ENTRIES PROVIDED section start

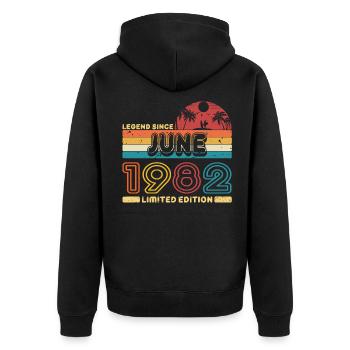 Geburtstag 1982 Juni Retro Legend Since Palme - Unisex Premium Bio Zip Hoodie - Schwarz - Hinten - Nico (187cm)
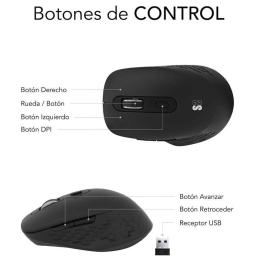 Ratón Ergonómico Inalámbrico por Bluetooth/ 2.4GHz Subblim Curve Ergo Dual Battery/ Batería recargable/ Hasta 1600 DPI/ Negro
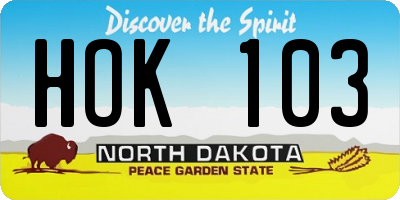 ND license plate HOK103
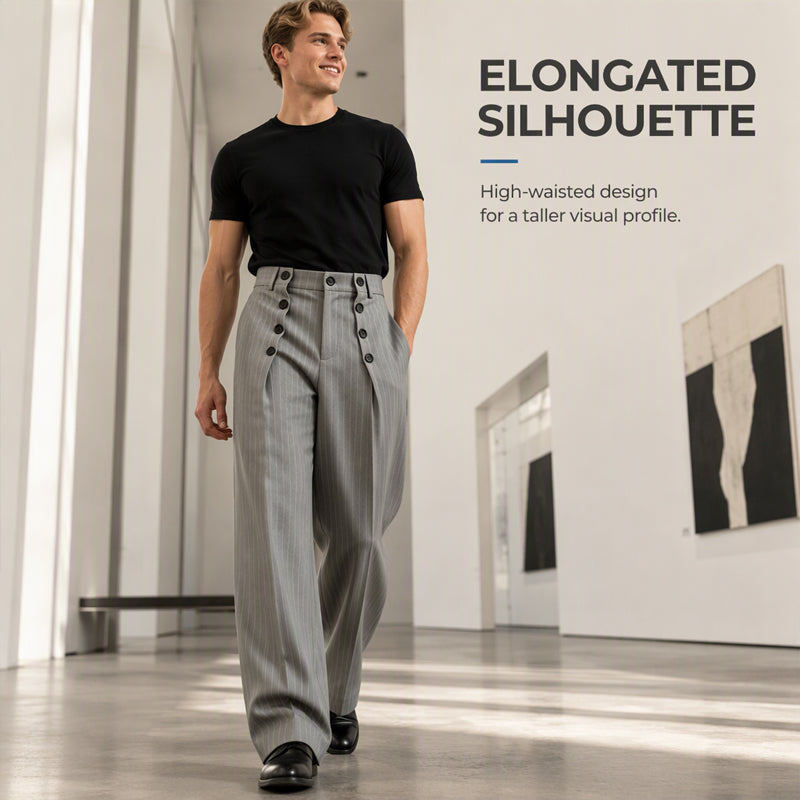 👖 ✨ Men's Chic High-Waisted Double-Breasted Drape Pants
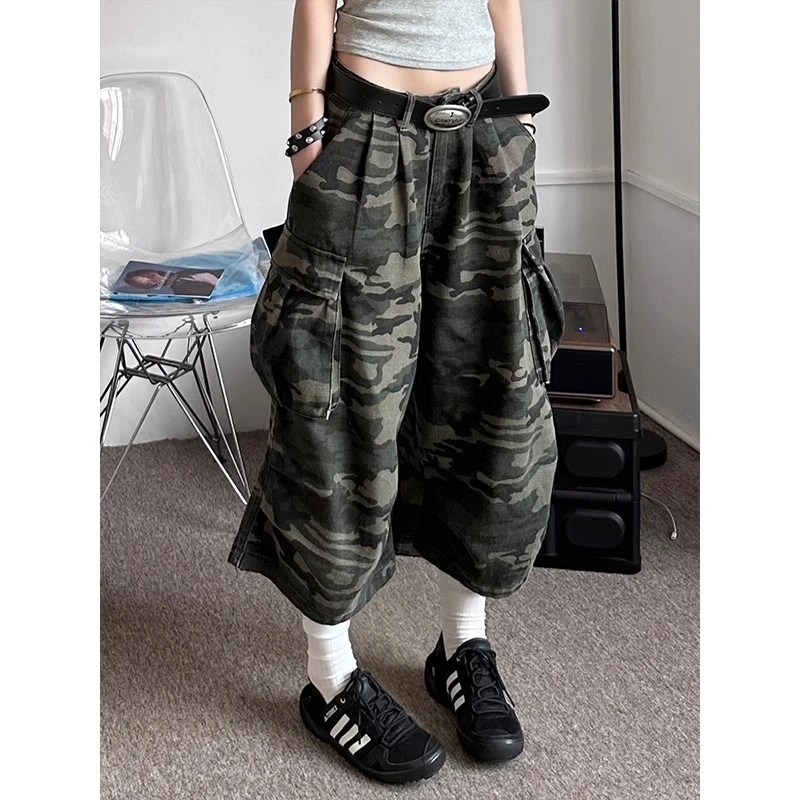 2024国潮美式复古迷彩工装裤男女宽松直筒阔腿大口袋七分夏季短裤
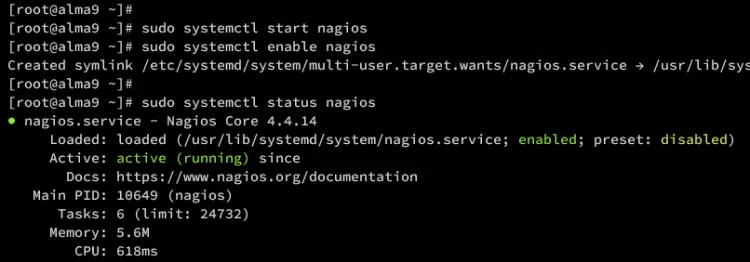 start verify nagios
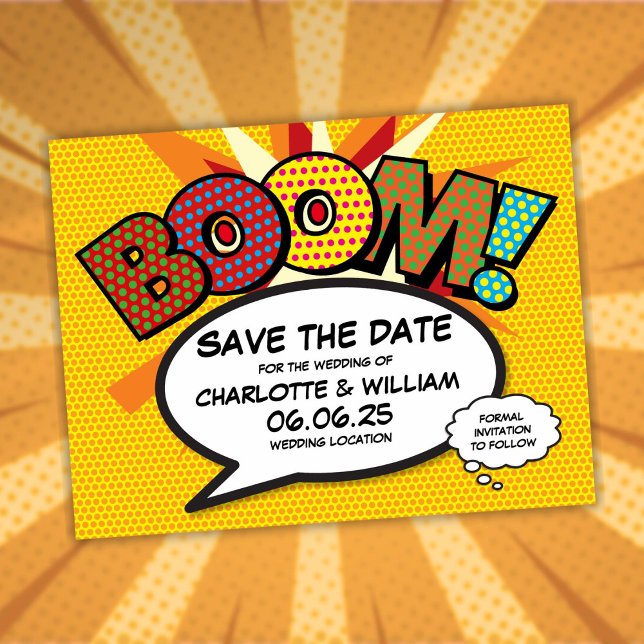 Cartão Postal De Anúncio Salve a Data Diversão Moderna Quadrinho Explosão (Save the Date Modern Fun Comic Book Boom Announcement Postcard)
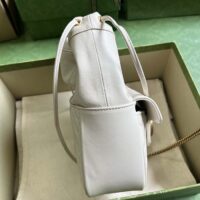 Gucci Women GG Marmont Mini Bucket Bag White Matelassé Chevron Leather Double G (1)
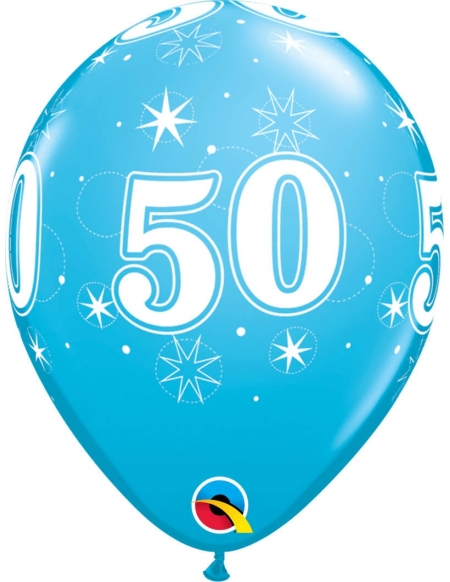 Globo Numero 50 Sparkle Redondo 28cm Azul Robins Egg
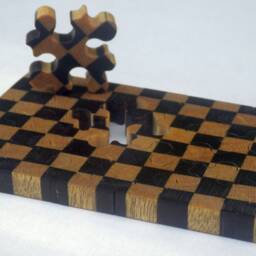 Ebony & Yellowheart Checkerboard Handmade Wooden Jigsaw Puzzle - thumbnail 4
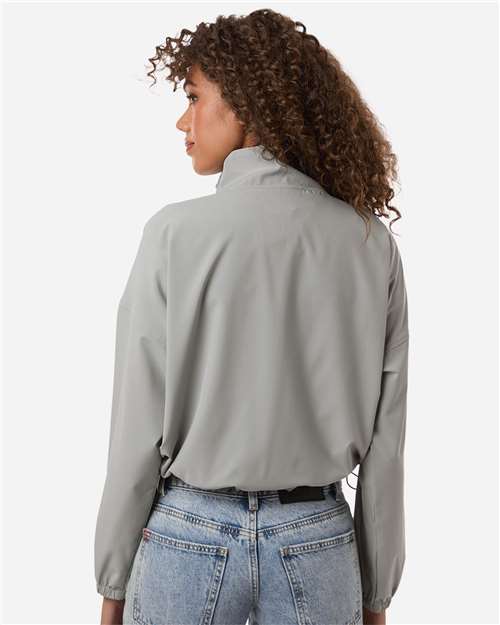 Women's Stretch Woven Quarter-Zip Pullover – On Model – Back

ENTRIES PROVIDED section end

### AIM OF THE TASK
Omit every picture, then write out the entries above exactly.

### OUTPUT FOR THIS EXERCISE
 Geburtstag 1982 Juni Retro Legend Since Palme - Unisex Premium Bio Zip Hoodie - Schwarz - Hinten - Nico (187cm)
 Ratón Ergonómico Inalámbrico por Bluetooth/ 2.4GHz Subblim Curve Ergo Dual Battery/ Batería recargable/ Hasta 1600 DPI/ Negro
 ND license plate HOK103
 👖 ✨ Men's Chic High-Waisted Double-Breasted Drape Pants
 2024国潮美式复古迷彩工装裤男女宽松直筒阔腿大口袋七分夏季短裤
 start verify nagios
 Cartão Postal De Anúncio Salve a Data Diversão Moderna Quadrinho Explosão (Save the Date Modern Fun Comic Book Boom Announcement Postcard)
 Gucci Women GG Marmont Mini Bucket Bag White Matelassé Chevron Leather Double G (1)
 Globo Numero 50 Sparkle Redondo 28cm Azul Robins Egg
 Ebony & Yellowheart Checkerboard Handmade Wooden Jigsaw Puzzle - thumbnail 4
 Women's Stretch Woven Quarter-Zip Pullover – On Model – Back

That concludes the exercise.